🔗 Source: arXiv

GATED DELTA NETWORKS : IMPROVING MAMBA 2 WITH DELTA RULE

Mechanism: Introduces a gated delta rule that dynamically balances rapid memory erasure (via gating) with targeted key-value pair updates (via the delta rule), implemented through an extended chunkwise parallel algorithm optimized for tensor cores.
Nuance: Unlike Mamba2’s uniform scalar decay or DeltaNet’s sequential single-pair updates, this mechanism enables flexible, content-aware memory management while preserving linear-time training and hardware efficiency.

Consistently surpasses Mamba2 and DeltaNet on language modeling, in-context retrieval, length extrapolation, and long-context understanding benchmarks (e.g., +15% accuracy on Multi-Doc QA).
Hybrid variants (Gated DeltaNet-H1/H2) interleaved with sliding window attention or Mamba2 layers achieve superior training throughput across all sequence lengths without sacrificing task performance.

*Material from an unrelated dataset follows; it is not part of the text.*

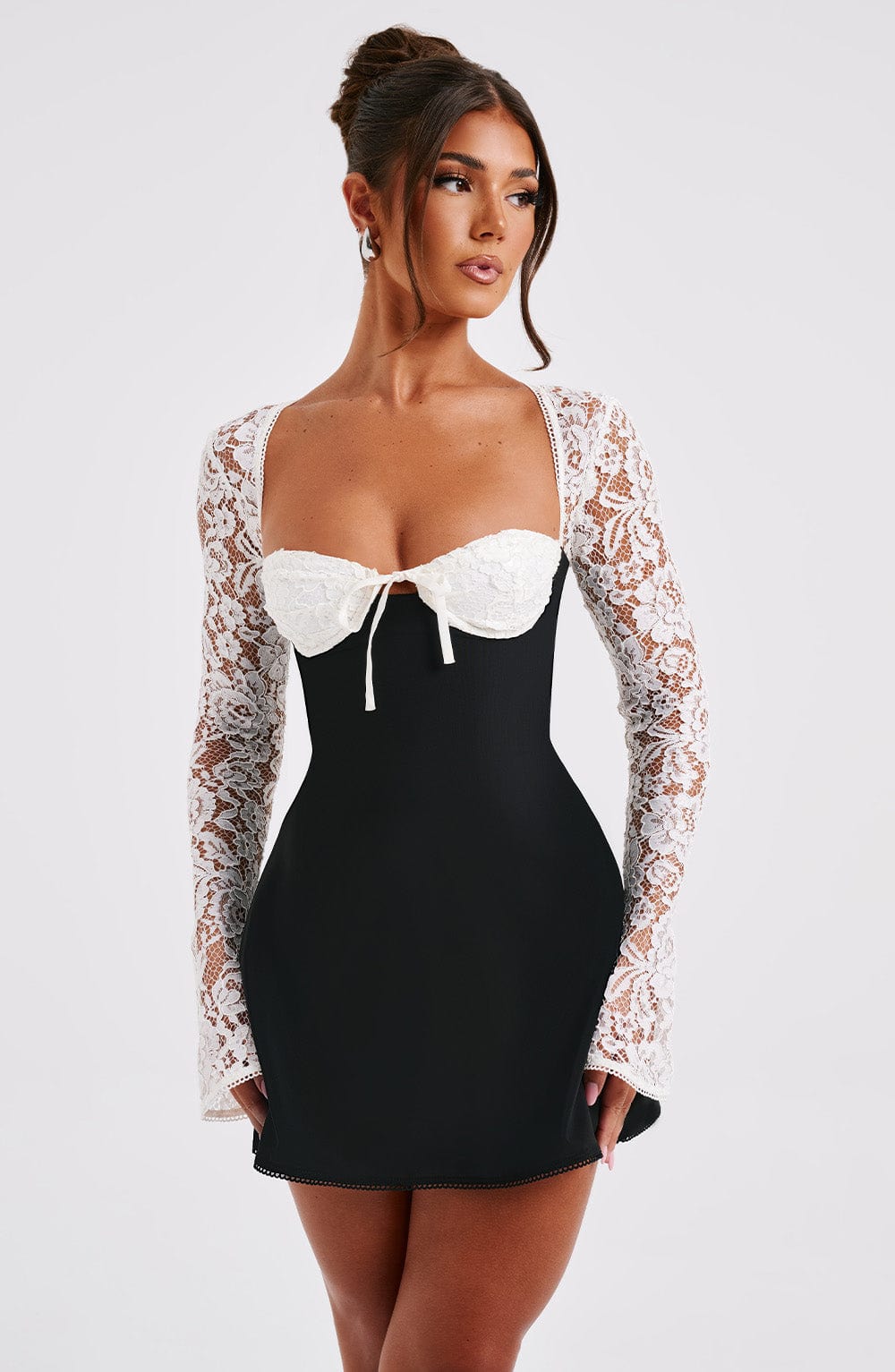 Zoe Mini Dress-White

The underlying delta rule faces theoretical expressiveness limits compared to full softmax attention, requiring careful parameterization (e.g., negative eigenvalues) to unlock state-tracking capabilities.
Hybrid architectures introduce architectural complexity and require empirical tuning of layer composition to balance throughput gains with memory overhead.